Mauerfall: Autorin Dorit Linke liest in der Nagolder Realschule aus ihrem Buch "Jenseits der blauen Grenze"

Der Roman "Jenseits der blauen Grenze" von Dorit Linke ist eine beliebte Lektüre im Unterricht zur Geschichte der ehemaligen DDR in den 1980er Jahren. Über die Flucht von zwei Freunden 50 Kilometer durch die Ostsee las sie jetzt vor zwei 9. Klassen an der Christiane-Herzog-Realschule in Nagold.

Nagold. In Kooperation mit dem Otto-Hahn-Gymnasium war es der Christiane-Herzog-Realschule möglich, Autorin Dorit Linke zu einer Lesung im Rahmen des Deutschunterrichts nach Nagold zu holen, so Schulleiter Andreas Kuhn. Die Schülerarbeit des Evangelischen Jugendwerks vermittelte die vertiefende Autorenlesung zum 30. Jahrestag des Mauerfalls am 9. November 1989.

Linke war an diesem historischen Datum gerade 18 Jahre alt. Sie hätte nicht zu träumen gewagt, dieses großartige Ereignis mitzuerleben.

Ihr Roman spielt im Jahr 1989 in Rostock. Die seit langem befreundeten Hanna und Andreas wollen über die Ostsee schwimmend in den Westen nach Fehmarn flüchten – 50 Kilometer, verbunden mit einem dünnen Seil am Handgelenk. Grund ist, dass sie in ihrer Heimat staatlicher Willkür und Repressalien ausgesetzt sind und ihre Träume nicht verwirklichen können. Im Westen wollen sie bei ihrem Freund Sachsen-Jensi unterkommen, der mit seinen Eltern ausgereist war.

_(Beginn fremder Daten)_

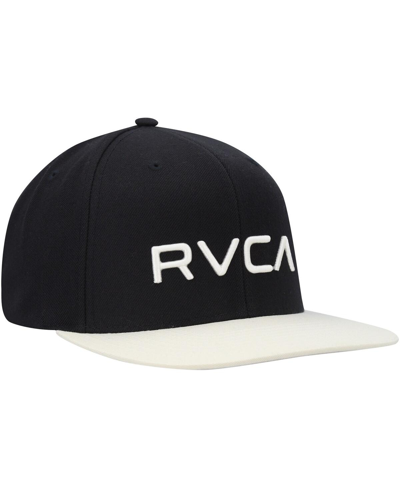 Shop Rvca Men's  Black, White Twill Ii Snapback Hat In Black,white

Die Geschichte wechselt zwischen der Gegenwart, also der Flucht und blendet immer wieder zurück in die Zeit des Aufwachsens im Osten. Spannend und humorvoll geschrieben, oft mit kurzen Sätzen, die darauf warten lassen, wie sich das nervenaufreibende Abenteuer weiterentwickelt und ob die erhoffte Freiheit erreicht wird.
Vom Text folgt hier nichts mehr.